Le Cerrado, c’est la savane tropicale la plus riche au monde en biodiversité, mais aussi l’une des plus menacées. Voir ces paysages aide à comprendre l’enjeu environnemental du développement urbain brésilien. Bon, je ne vais pas faire la morale, mais ça interroge sur notre responsabilité de voyageurs.
L’agritourisme se développe aussi autour de Goiânia, avec des fazendas qui ouvrent leurs portes aux visiteurs. L’occasion de comprendre l’économie locale (élevage, soja, canne à sucre) et ses impacts environnementaux. Pas forcément réjouissant, mais instructif.
Question tourisme responsable, Goiânia a l’avantage de ne pas souffrir de surtourisme. Les retombées économiques de votre visite profitent directement aux acteurs locaux, sans intermédiaires internationaux. Les prix pratiqués restent ceux du marché local, pas ceux d’une destination touristique.
L’hébergement chez l’habitant se développe, notamment via des plateformes locales. L’occasion de pratiquer son portugais et de découvrir le mode de vie goiano de l’intérieur. Attention cependant aux différences culturelles : les horaires, les habitudes alimentaires, le rapport à l’espace privé peuvent surprendre.

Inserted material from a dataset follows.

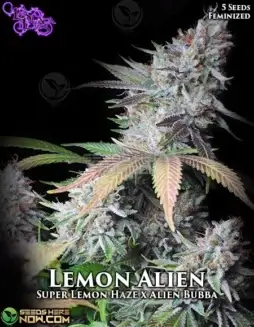 Lemon Alien feminized seeds featuring citrus and pine aromas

Goiânia, cette leçon d’humilité touristique
Alors, est-ce que je recommande Goiânia ? La réponse n’est pas binaire. Si vous cherchez les plages de rêve ou l’exotisme de carte postale, passez votre chemin. Si vous voulez comprendre le Brésil contemporain, découvrir un patrimoine architectural méconnu et vivre une expérience culturelle authentique, foncez.
En rentrant à Paris, j’ai réalisé que ce voyage m’avait fait autant réfléchir sur mes préjugés de voyageur que sur la destination elle-même. Goiânia m’a rappelé qu’on peut encore découvrir des pépites en sortant des sentiers battus, mais aussi que nos grilles de lecture européennes ne s’appliquent pas partout.
La durée optimale ? Quatre à cinq jours suffisent pour appréhender l’essentiel : architecture art déco, ambiance musicale, excursion dans le Cerrado. Plus court, c’est frustrant. Plus long, vous risquez de tourner en rond, sauf à utiliser Goiânia comme base pour explorer la région.
Cette expérience m’a aussi questionné sur le tourisme français au Brésil. Pourquoi se limiter au triangle Rio-Salvador-Amazonie quand le pays offre tant d’autres facettes ? Goiânia, Belo Horizonte, Curitiba… Autant de villes qui racontent d’autres histoires brésiliennes, loin des clichés habituels.
Bon, je ne vais pas non plus vous vendre Goiânia comme la nouvelle destination à la mode. Mais si vous avez l’âme d’un explorateur urbain et l’envie de comprendre le Brésil autrement, cette capitale du Cerrado mérite le détour. Ne serait-ce que pour remettre en question vos certitudes architecturales et musicales.